Jakarta – Indonesia telah menjadi anggota Financial Action Task Force
on Money Laundering and Terrorism Financing (FATF) secara penuh
setelah FATF Plenary Meeting di Paris, Perancis, pada 25 Oktober
2023, menerima Indonesia secara aklamasi sebagai anggota FATF yang
ke-40. Pengesahan keanggotaan Indonesia di FATF ini, adalah hasil
perjuangan panjang setelah penetapan Indonesia sebagai Observer FATF
sejak 29 Juni 2018.
Pengakuan internasional atas efektivitas regulasi, koordinasi dan
implementasi rezim anti-pencucian uang, pencegahan pendanaan
terorisme, dan proliferasi senjata pemusnah massal (APUPPT PPSPM) itu
diharapkan akan berdampak pada pesatnya pertumbuhan ekonomi melalui
investasi baik dalam maupun luar negeri.
Menindaklanjuti hal tersebut pemerintah telah menerbitkan Keputusan
Presiden Republik Indonesia (Keppres) Nomor 14 Tahun 2024 tentang
Penetapan Keanggotaan Indonesia pada Financial Action Task Force
(FATF) pada 5 April 2024.
Penerbitan Keppres tersebut dilakukan dengan mempertimbangkan bahwa
tindak pidana pencucian uang (TPPU) dan tindak pidana pendanaan
terorisme (TPPT) yang merupakan kejahatan lintas batas negara.
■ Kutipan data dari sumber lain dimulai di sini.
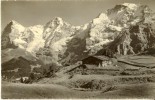 Mürren - Oberberg            Ca. 1920 - Mürren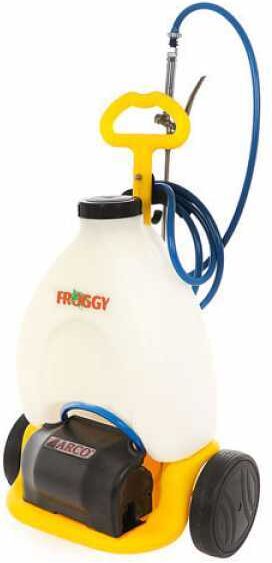 Elektrische Spritzpumpe auf Wagen ARCO Froggy Eco - Tank 20 l
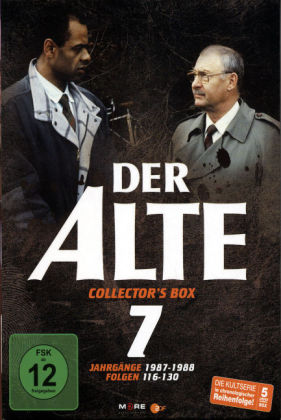 Der Alte, 5 DVDs (Collector's Box) 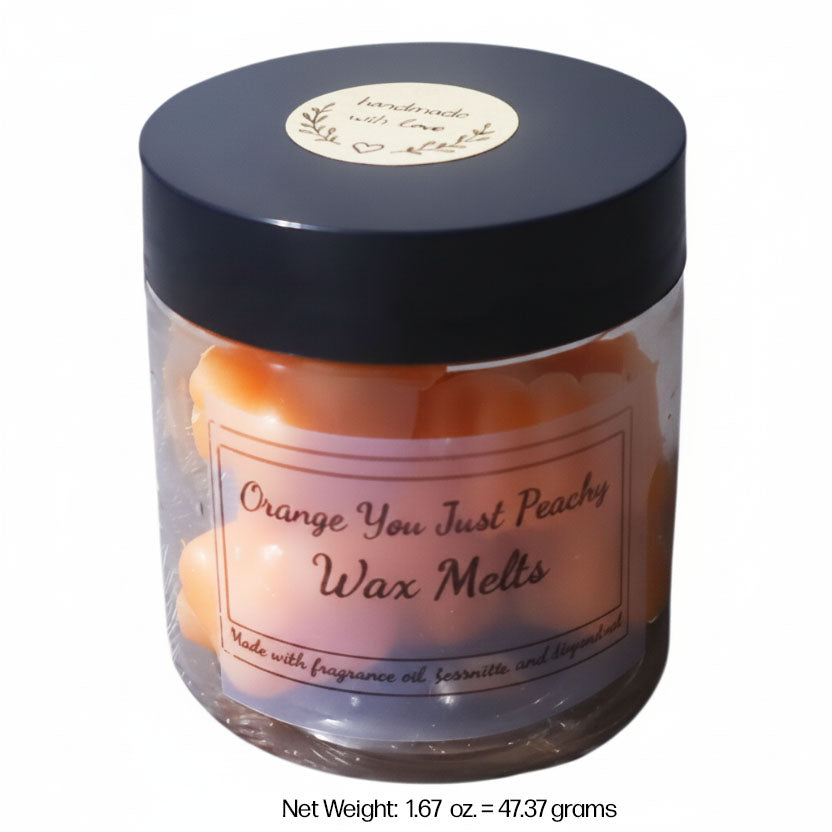 Orange You Just Peachy Wax Melts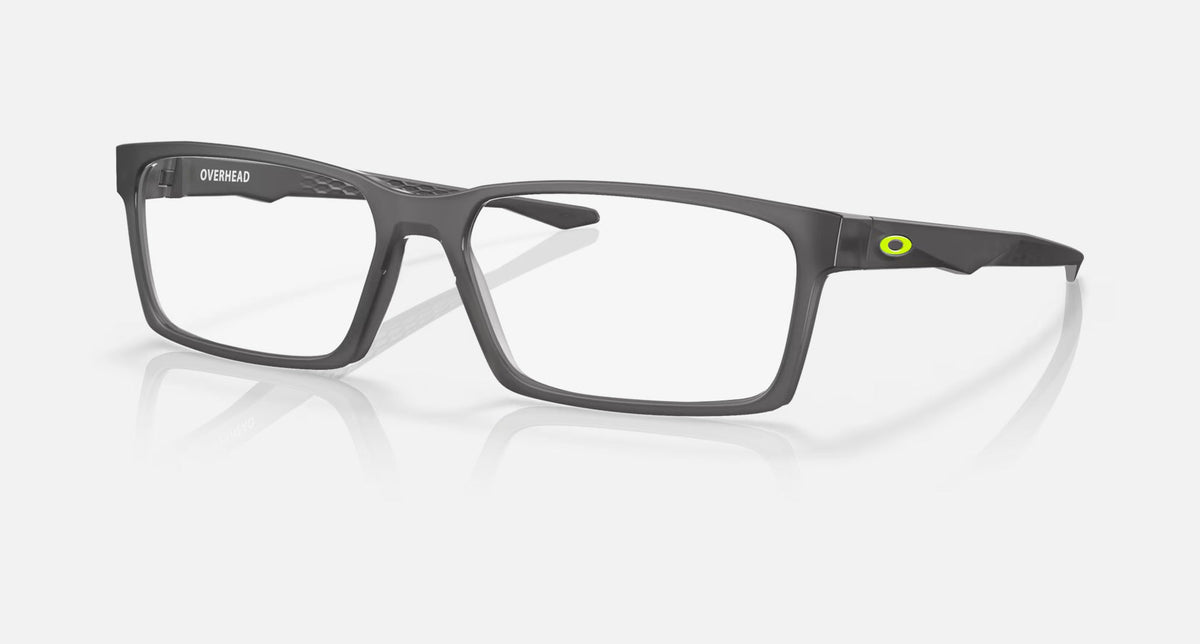 OX8060 / Satin Grey Smoke / Demo Lens (02) / 57-16-138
Oleh
karena itu, upaya pencegahan dan pemberantasannya perlu dilakukan
komitmen internasional yang tercantum dalam standar internasional di
bidang TPPU dan TPPT.
Indonesia yang merupakan salah satu negara dengan perekonomian besar
di dunia dinilai perlu untuk menjaga stabilitas ekonomi dan integritas
sistem keuangan dari ancaman TPPU dan TPPT melalui kontribusi dan
partisipasi aktif dalam FATF.
FATF adalah organisasi internasional yang berfokus pada upaya global
dalam pemberantasan pencucian uang, pendanaan terorisme, dan pendanaan
proliferasi senjata pemusnah massal (PPSPM).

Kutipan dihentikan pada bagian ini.